Quicksort was the first “serious” sort I implemented. I demonstrate three distinct types of pivots: A[0], random, and sampled. I make some fairly arbitrary choices about pivots, like how many samples to use (QS_NSAMPLES=11), but the different concepts are there.

Sampling random elements to find a good pivot has potential advantages, but they will not be apparent against the fairly random inputs we are benchmarking with.
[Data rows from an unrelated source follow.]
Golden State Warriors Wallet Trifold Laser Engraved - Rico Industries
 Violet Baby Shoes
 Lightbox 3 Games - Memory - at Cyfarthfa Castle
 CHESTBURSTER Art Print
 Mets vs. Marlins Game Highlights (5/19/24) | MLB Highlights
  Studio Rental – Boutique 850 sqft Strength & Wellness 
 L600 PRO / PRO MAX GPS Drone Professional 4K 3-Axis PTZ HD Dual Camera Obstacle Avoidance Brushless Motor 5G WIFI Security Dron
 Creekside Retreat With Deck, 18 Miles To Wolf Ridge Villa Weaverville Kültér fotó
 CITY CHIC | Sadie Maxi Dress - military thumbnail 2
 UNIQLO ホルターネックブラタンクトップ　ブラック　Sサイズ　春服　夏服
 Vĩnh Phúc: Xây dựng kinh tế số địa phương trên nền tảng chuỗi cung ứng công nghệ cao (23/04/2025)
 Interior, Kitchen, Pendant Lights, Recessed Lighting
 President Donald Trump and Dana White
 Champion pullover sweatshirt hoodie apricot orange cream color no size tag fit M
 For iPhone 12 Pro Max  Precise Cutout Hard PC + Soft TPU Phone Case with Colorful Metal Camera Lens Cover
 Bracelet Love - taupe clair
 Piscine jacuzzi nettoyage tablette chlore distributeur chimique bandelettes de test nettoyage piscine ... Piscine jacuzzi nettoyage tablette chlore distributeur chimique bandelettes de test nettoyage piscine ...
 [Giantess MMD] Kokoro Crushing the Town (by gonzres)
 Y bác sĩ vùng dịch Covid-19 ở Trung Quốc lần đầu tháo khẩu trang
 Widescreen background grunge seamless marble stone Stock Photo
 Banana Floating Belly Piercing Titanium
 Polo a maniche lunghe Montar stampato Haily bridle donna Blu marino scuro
Exercise: come up with inputs where the sampled pivot would clearly be better than the randomly chosen pivot.

Note how the partition function is called by incrementing the pointer, so it returns an index of the sub-array. I forgot to add 1 to its output at first, and it took me a while to find the bug.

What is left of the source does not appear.